> Work to complete
Repeat only the lines below from the one containing "Most of you" through the one containing "Key ingredient here: weedless.", inclusive, exactly as written.

Collected data entries:

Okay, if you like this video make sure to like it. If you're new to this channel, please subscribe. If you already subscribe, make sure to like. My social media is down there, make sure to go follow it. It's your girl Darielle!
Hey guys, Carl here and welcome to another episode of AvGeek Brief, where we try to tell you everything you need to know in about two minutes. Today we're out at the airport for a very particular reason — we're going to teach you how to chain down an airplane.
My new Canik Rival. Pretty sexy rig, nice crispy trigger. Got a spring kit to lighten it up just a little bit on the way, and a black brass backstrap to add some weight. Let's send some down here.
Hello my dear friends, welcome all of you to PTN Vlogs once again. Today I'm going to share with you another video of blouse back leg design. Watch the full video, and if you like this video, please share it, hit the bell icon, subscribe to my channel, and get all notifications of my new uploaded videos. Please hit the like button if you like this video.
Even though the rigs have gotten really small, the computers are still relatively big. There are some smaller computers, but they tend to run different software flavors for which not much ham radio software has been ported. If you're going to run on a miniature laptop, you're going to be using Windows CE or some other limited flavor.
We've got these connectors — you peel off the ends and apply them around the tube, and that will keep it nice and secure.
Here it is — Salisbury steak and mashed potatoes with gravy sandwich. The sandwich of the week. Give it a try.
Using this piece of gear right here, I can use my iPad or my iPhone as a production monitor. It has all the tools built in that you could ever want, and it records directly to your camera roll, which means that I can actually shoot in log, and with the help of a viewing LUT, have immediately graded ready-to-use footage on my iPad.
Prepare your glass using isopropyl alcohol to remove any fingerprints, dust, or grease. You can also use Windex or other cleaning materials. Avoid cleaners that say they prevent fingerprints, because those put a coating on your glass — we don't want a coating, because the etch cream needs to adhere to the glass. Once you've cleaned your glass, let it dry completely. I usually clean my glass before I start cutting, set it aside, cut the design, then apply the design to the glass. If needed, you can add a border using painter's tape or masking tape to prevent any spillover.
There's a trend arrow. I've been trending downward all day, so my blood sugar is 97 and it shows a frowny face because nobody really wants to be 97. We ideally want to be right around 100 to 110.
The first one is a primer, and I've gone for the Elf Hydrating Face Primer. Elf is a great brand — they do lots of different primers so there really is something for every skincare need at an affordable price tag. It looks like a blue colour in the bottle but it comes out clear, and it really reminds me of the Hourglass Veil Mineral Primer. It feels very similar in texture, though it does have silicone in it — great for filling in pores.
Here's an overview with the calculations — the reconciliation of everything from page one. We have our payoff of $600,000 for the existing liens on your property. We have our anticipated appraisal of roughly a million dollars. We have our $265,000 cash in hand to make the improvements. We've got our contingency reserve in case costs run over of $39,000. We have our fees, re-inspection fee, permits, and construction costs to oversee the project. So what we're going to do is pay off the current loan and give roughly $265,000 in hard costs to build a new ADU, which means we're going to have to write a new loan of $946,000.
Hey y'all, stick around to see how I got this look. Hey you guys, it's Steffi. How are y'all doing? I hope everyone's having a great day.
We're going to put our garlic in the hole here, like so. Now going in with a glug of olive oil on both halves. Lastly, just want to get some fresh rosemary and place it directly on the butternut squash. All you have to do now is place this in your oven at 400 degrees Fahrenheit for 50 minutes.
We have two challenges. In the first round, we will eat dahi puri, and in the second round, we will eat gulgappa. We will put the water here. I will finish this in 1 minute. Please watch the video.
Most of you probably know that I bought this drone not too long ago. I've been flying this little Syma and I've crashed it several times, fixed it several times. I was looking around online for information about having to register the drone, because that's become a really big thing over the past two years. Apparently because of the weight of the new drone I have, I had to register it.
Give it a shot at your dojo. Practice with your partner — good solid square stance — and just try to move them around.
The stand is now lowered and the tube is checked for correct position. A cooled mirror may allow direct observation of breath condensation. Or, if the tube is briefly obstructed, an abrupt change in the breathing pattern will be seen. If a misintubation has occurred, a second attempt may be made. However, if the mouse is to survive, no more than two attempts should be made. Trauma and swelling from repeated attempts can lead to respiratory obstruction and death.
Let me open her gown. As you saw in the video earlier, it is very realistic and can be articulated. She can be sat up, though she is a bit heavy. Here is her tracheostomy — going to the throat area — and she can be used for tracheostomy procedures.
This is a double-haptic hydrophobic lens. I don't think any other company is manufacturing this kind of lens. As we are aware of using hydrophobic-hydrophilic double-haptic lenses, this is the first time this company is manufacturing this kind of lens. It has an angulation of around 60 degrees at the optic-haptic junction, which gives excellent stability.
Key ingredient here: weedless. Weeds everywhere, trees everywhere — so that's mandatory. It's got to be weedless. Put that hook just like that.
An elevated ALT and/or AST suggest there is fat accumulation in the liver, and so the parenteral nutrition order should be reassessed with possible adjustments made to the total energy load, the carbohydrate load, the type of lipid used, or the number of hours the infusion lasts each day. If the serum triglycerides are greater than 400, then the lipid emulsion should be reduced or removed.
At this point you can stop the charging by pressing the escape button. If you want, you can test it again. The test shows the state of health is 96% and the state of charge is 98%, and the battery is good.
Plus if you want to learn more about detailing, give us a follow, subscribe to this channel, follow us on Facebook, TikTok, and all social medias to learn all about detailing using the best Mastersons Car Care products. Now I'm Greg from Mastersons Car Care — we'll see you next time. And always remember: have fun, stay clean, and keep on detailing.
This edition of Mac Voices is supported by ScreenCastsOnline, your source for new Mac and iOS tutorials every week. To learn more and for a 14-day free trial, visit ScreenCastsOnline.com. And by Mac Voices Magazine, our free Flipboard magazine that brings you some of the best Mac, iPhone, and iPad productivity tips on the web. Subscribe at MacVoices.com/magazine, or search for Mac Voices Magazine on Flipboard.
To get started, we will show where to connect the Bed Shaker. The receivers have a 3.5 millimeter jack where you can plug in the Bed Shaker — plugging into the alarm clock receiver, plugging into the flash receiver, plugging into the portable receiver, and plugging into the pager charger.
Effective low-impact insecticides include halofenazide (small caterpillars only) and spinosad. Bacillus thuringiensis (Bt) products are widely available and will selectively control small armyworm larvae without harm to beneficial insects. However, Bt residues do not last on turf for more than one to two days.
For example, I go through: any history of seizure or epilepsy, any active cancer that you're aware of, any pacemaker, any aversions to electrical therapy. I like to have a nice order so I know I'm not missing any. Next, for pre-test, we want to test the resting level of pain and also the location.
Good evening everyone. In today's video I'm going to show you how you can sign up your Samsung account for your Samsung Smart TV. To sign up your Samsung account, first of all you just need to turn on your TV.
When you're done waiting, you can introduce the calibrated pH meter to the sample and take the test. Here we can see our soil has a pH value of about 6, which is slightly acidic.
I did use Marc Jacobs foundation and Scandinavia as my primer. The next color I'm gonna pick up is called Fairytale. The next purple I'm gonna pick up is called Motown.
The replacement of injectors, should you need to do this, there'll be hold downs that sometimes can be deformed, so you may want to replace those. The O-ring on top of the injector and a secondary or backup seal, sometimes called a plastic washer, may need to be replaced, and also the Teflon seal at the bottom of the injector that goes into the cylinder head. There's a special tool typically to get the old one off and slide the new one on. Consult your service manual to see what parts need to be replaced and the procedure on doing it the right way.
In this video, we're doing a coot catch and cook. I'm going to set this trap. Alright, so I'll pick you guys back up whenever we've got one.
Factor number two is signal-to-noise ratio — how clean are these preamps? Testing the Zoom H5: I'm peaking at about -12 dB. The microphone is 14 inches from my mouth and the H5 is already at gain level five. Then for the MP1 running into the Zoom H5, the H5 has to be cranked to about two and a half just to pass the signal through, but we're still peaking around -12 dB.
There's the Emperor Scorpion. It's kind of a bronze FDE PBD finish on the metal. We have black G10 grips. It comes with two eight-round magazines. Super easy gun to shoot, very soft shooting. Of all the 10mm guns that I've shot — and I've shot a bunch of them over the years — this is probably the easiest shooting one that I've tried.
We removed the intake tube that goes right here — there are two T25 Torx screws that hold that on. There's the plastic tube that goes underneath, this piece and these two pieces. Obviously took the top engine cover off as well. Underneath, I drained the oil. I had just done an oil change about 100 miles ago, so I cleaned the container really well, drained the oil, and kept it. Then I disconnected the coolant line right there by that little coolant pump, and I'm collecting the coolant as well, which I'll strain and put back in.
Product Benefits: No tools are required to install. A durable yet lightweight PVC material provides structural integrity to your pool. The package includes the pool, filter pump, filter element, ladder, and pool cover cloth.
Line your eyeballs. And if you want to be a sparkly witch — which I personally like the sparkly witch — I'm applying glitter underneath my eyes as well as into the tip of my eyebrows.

> Output for this exercise
Most of you probably know that I bought this drone not too long ago. I've been flying this little Syma and I've crashed it several times, fixed it several times. I was looking around online for information about having to register the drone, because that's become a really big thing over the past two years. Apparently because of the weight of the new drone I have, I had to register it.
Give it a shot at your dojo. Practice with your partner — good solid square stance — and just try to move them around.
The stand is now lowered and the tube is checked for correct position. A cooled mirror may allow direct observation of breath condensation. Or, if the tube is briefly obstructed, an abrupt change in the breathing pattern will be seen. If a misintubation has occurred, a second attempt may be made. However, if the mouse is to survive, no more than two attempts should be made. Trauma and swelling from repeated attempts can lead to respiratory obstruction and death.
Let me open her gown. As you saw in the video earlier, it is very realistic and can be articulated. She can be sat up, though she is a bit heavy. Here is her tracheostomy — going to the throat area — and she can be used for tracheostomy procedures.
This is a double-haptic hydrophobic lens. I don't think any other company is manufacturing this kind of lens. As we are aware of using hydrophobic-hydrophilic double-haptic lenses, this is the first time this company is manufacturing this kind of lens. It has an angulation of around 60 degrees at the optic-haptic junction, which gives excellent stability.
Key ingredient here: weedless. Weeds everywhere, trees everywhere — so that's mandatory. It's got to be weedless. Put that hook just like that.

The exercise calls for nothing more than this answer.